In 2004, Shimadzu introduces the SolidSpec-3700/3700DUV series of UV-Vis-NIR spectrophotometers, the first UV-Vis-NIR spectrophotometer with three detectors—a photomultiplier for the UVVis region, and an InGaAs detector and a cooled PbS detector for the NIR region.
In 2005, the NanoDrop ND-1000 UV-Vis spectrophotometer (from NanoDrop Technologies) for micro-quantitation of only 1 μl of sample enters the market. The sample is directly pipetted onto a fiber optic measurement surface where it is held in place by surface tension, eliminating the need for cuvettes or capillaries.
In 2006, JASCO manufactures a new range of UV-Vis-NIR spectrophotometers with compatible accessories for life sciences, materials analysis, and semiconductor R&D.
In 2008, Shimadzu launches the UV- 1800 compact UV-Vis spectrophotometer. It occupies a 15% smaller footprint than the model it replaces, the UV-1700.
Also in 2008, Perkin Elmer releases the LAMBDA Bio UV-Vis spectrophotometer pre-configured with standard methods for biological applications including protein assays, cell density measurements, as well as DNA, RNA, and oligonucleotides concentration and purity.
In 2010, Agilent Technologies acquires Varian Inc. and continues to offer the Cary spectrophotometer series under the Cary name.
Also in 2010, Thermo Scientific introduces the Evolution 200 Series spectrophotometer.
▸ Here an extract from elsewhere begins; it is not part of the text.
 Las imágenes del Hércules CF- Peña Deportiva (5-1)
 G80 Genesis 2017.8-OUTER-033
Its application-focused beam geometry tailors the instrument's optical system to specific applications for microcells, solid sampling, and fiber optics.
Also in 2010, JASCO offers the SAH-769 One Drop accessory to measure micro volume samples of proteins and nucleic acids with UVVis spectrophotometers.
In 2011, Agilent Technologies releases the Cary 60 UV-Vis spectrophotometer with low cost of ownership—the xenon lap typically lasts 10 years—and remote sampling options that minimize sample handling.
Future of UV-Vis Spectrophotometers
Future improvements in UV-Vis spectrophotometers will focus on ease-of-use, portability, and application-specific instruments. UV-Vis analysis of solid samples and materials continues to grow in areas such as solar cell research, semiconductor products, and coating materials. Advances in light sources will provide new developments in conventional spectrophotometers and handheld UV-Vis instruments. Further development in remote sensors will enable more types of samples to be measured outside the laboratory.